Italy has the lowest employment rate of the big western European countries: 58% of the working-age population is in work, compared to 72% in Britain. According to the Economist Italy would need another five million jobs just to match Britain’s employment rate, but Italian industry is being undercut in the global market by manufacturers in lower-wage economies such as China. The proportion of workers in the black economy has risen from 12.9% in 2004 to 14.2% in 2005.
In the five years of Berlusconi’s government, the rich in Italy got richer and the poor poorer. While the income of the self-employed rose by 10.1% between 2000 and 2004, that of employees rose by just 1.6%. The richest 5% of the population have increased their share of the national wealth, up from 27% in 1995 to 32% in 2004. Meanwhile, for everyone else, wages have failed miserably to keep pace with prices. In 2002-03, 50% of Italians reported that they didn’t earn enough to have a decent standard of living; by 2004-05 that figure was 70%. Anecdotal evidence suggests more and more people are resorting to credit cards and HP to stay afloat.

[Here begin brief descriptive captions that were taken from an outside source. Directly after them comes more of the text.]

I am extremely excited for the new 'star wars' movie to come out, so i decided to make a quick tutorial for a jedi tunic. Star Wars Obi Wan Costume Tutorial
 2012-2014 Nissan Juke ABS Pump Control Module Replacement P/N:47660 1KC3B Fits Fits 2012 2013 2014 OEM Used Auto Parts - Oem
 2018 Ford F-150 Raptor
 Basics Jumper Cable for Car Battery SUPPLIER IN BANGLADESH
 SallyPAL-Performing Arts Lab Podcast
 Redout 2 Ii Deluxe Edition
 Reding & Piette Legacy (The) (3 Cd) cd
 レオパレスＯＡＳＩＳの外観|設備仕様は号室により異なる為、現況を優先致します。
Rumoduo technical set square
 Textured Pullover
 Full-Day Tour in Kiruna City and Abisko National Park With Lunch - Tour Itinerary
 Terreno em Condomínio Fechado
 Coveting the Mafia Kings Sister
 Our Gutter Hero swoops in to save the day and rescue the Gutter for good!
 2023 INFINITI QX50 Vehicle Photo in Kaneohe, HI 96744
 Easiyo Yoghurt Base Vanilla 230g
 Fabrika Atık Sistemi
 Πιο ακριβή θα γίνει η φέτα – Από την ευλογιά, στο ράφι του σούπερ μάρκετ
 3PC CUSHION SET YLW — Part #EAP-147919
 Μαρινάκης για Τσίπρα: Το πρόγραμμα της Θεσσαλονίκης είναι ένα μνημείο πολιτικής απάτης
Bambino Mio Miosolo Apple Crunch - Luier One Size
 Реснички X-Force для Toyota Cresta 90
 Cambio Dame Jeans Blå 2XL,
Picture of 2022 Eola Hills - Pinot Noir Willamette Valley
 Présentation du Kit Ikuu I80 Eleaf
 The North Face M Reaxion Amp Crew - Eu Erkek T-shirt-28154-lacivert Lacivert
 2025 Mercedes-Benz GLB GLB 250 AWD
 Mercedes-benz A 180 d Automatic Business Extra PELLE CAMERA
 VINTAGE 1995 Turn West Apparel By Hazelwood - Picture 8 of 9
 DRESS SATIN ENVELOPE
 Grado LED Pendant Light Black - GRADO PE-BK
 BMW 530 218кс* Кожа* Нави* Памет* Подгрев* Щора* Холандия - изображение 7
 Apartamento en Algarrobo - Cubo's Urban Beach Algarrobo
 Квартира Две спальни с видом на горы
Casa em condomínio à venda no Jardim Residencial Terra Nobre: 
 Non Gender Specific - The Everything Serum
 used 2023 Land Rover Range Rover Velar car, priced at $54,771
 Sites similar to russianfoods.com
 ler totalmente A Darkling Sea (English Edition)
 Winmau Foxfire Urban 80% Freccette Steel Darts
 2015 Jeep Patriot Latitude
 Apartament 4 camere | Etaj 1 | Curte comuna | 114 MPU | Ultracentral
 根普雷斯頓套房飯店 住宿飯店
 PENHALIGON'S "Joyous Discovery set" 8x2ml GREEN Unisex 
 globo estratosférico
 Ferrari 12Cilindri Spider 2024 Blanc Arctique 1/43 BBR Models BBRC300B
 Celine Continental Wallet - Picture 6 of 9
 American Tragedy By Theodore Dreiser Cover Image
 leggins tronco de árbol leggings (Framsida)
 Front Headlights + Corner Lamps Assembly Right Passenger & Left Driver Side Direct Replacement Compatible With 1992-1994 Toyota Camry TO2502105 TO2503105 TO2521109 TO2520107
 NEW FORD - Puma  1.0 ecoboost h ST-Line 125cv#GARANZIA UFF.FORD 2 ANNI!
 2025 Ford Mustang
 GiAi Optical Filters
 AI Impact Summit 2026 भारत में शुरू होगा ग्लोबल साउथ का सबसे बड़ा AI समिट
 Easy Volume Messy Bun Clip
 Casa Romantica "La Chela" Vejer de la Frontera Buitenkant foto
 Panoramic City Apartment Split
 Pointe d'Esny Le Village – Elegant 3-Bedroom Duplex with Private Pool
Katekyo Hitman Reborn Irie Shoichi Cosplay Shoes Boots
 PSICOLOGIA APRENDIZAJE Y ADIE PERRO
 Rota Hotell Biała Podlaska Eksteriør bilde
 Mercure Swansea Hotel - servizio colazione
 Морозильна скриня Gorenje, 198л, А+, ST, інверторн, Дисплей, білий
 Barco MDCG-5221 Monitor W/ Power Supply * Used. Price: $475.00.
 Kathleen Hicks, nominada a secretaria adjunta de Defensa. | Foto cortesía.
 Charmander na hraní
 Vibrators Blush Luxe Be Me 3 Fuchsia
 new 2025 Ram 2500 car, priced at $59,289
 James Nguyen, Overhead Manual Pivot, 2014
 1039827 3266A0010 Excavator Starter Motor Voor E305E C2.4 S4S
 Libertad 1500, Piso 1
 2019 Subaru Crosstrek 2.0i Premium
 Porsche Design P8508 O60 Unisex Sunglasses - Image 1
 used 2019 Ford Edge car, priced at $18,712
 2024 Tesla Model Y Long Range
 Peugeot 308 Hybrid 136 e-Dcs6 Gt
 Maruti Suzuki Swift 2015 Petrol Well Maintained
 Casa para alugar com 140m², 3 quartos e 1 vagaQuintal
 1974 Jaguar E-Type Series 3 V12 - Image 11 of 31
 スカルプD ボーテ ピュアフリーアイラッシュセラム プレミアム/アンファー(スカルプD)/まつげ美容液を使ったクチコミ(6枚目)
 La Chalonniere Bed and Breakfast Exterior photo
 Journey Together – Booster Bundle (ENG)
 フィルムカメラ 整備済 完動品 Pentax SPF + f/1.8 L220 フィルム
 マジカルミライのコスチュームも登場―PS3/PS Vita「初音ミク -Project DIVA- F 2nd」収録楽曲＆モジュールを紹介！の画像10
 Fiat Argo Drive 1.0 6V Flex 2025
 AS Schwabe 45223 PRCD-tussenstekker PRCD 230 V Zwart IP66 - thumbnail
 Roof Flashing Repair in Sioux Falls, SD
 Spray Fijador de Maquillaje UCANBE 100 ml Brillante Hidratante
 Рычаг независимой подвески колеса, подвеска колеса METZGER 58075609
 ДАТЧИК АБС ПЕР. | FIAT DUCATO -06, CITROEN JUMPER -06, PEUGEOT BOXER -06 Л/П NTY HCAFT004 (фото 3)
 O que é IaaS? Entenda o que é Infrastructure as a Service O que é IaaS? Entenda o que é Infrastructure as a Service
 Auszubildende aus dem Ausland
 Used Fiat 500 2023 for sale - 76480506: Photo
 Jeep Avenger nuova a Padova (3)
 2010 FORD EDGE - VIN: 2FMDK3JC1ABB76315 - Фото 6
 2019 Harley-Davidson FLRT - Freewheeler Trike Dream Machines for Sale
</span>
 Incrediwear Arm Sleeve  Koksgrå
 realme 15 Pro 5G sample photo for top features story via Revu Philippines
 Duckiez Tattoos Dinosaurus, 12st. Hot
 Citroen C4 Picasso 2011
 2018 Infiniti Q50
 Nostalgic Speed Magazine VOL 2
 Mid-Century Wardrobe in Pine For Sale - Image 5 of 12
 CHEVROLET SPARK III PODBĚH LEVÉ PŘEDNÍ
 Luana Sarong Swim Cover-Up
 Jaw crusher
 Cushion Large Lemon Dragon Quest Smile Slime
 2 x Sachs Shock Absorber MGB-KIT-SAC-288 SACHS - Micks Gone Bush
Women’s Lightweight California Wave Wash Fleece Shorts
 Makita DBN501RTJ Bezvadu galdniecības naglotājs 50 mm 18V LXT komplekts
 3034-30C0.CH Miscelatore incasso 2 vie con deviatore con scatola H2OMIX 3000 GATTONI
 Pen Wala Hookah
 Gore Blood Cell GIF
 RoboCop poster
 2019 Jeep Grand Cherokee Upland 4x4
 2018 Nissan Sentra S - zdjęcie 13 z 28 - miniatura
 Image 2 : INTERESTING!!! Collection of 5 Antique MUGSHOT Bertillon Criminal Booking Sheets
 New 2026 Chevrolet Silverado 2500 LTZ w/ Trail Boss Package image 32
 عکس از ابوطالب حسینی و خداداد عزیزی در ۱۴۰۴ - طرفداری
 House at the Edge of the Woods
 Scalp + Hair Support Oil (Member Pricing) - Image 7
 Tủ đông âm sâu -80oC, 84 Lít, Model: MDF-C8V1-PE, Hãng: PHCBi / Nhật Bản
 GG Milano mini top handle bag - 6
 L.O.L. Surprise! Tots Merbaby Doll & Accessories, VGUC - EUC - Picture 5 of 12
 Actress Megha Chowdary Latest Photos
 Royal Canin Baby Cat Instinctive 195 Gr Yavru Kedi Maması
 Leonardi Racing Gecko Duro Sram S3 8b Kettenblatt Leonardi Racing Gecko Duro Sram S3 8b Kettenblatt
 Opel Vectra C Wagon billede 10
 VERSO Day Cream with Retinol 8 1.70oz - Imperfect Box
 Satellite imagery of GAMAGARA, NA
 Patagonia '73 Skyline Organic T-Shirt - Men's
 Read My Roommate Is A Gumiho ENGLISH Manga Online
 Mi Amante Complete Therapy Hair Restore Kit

It is estimated that tax evasion has risen from 140 billion euros in 2001 to 248 billion euros in 2005. Much of the rise is thought to result from price increases following the introduction of the euro: the difference between the old prices and new prices has disappeared under the counter and the extra income doesn’t appear in company accounts. To give you an idea of the impact that has on public services, 248 billion euros is twice the entire annual budget of the British National Health Service.